Since human beings and their environment have to be redeemed where they
are, the Second Person emptied himself to be born in Bethlehem. One thing
this means is that he abandoned his glory, and his holiness was "toned
down." Recall that Isaiah, having a vision of the thrice holy God, cried
"Woe!" In contrast, wicked men did not hesitate to try to stone Jesus,
and finally scourged and crucified him. These things happened in time
according to the eternal will of the Father. This is history from the
human viewpoint. But if the Word WAS in the beginning, if the saints are
elect BEFORE the foundation of the kosmos, etc., there has to be a
different look as well. Our language is not suited to express this
difference. But philosophers have to try.
Granting all this for the sake of argument, it doesn't follow that God is
utterly changeless in all regards.
Is this surrendering to Greek thought and denying the Hebrew? Can't be.
It simply recognizes that a temporal deity cannot be the Creator; that a
Trinity in time does not have an eternal purpose, but one Person entering
time is the Redeemer. I can view the history of redemption in time, for
it unfolded in scripture. But I need a different, difficult viewpoint to
understand creation /cum/, not /in/.
I have no interest in defending the phrase "temporal deity." But the
Word who became flesh is the creator. That's where you have to start.

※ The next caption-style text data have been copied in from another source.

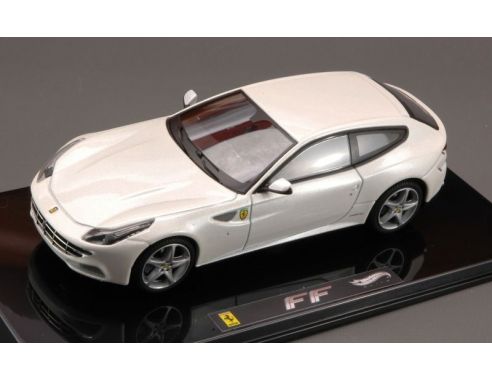 Hot Wheels HWW1190 FERRARI FF 2011 PEARL 1:43 Auto Stradali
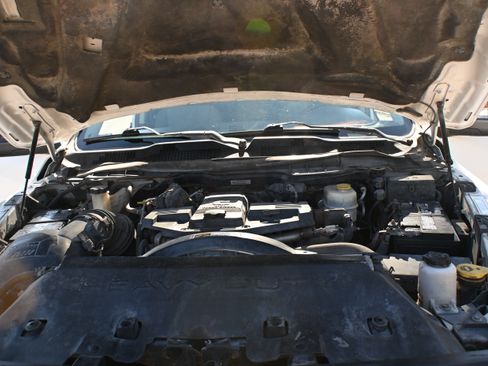 Used 2015 RAM 2500 Tradesman image 33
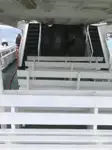 Tàu du lịch để bán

Just why must my image of the living God be based on my getting older all
the time? Why should I put the Creator /in tempore/? Only the Word became
flesh ?in tempore/.
& again, the Word who became flesh /in tempore/ (I assume your ? is a
typo for /) shares the divine nature. I'm sure this isn't what you mean
but it sounds as if you're arguing that the deity can be only 1/3
I'm not sure we're covering any new ground at this point.